The Greyhounds’ great challenge this season has been their poor showing in section play. There was no real surprise in a loss to Andover; and narrow defeats to Grand Rapids and the first Cloquet game, in which the team played relatively well, are defensible. Less so are the more recent losses to Forest Lake, a team largely carried by its goaltender, and an Elk River squad that is also at its lowest point in decades. In a year when 7AA is not among the better sections in the state, the Hounds have, curiously enough, found more success outside the section than in it. The Cloquet win was a sudden break from this trend; time will tell if it was too little, too late.

Through it all, the Hounds still have some pieces that can make a run. Charlie Erickson has put the offense on his back at times, and Zarley Ziemski can be a weapon. They found some December success behind a potent power play and offense from the points, and after the opposition caught on, there now appear to be some adjustments that are making it look threatening again. Konrad Kausch is capable of stealing a game when he is on form, and from a raw talent standpoint is the best East goalie in years. One of the rare glimmers in a season that often has me shaking my head is the play of freshman Cole Christian, whose shiftiness and vision portends a strong Hounds career, even if he could stand to double his weight and grow a few feet. Randolph’s decision to give a couple of freshmen top six forward minutes has its detractors, but as I think back to Keegan Flaherty stunning White Bear Lake in 2005 or Ian Mageau setting up Ash Altmann’s dagger to Edina in 2015, I have to recognize it’s worked before. I’ll never critique the search for answers; there just need to be clear answers at some point.

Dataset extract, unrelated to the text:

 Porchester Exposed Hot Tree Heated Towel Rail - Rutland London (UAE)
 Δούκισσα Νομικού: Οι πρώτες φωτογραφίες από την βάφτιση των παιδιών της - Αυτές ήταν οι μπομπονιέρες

One gets the sense that, regardless of the talent level, half of this team’s challenge is mental. If they get off to a strong start, this team can roll past other decent teams and compete with the very best; if they fall behind early, things often snowball into unwatchable ugliness. Maybe their ever-scheming coach can press the right buttons to get them to believe in these last few weeks; maybe it’s all been overthought to death and has left us only with frustration. Teams like the 2014-2015 edition don’t come along every day, but at least there is a model, and for all the deserved credit we give the 2-3, that group twice had to come back from three-goal deficits to make its great run, which is something no coach can plan for. That group, riding some exemplary senior leadership and some star turns from younger kids, found the heart to win four straight games they had no right to win. This team will need to dig just as deep, if not further, to find its own measure of success over the next month.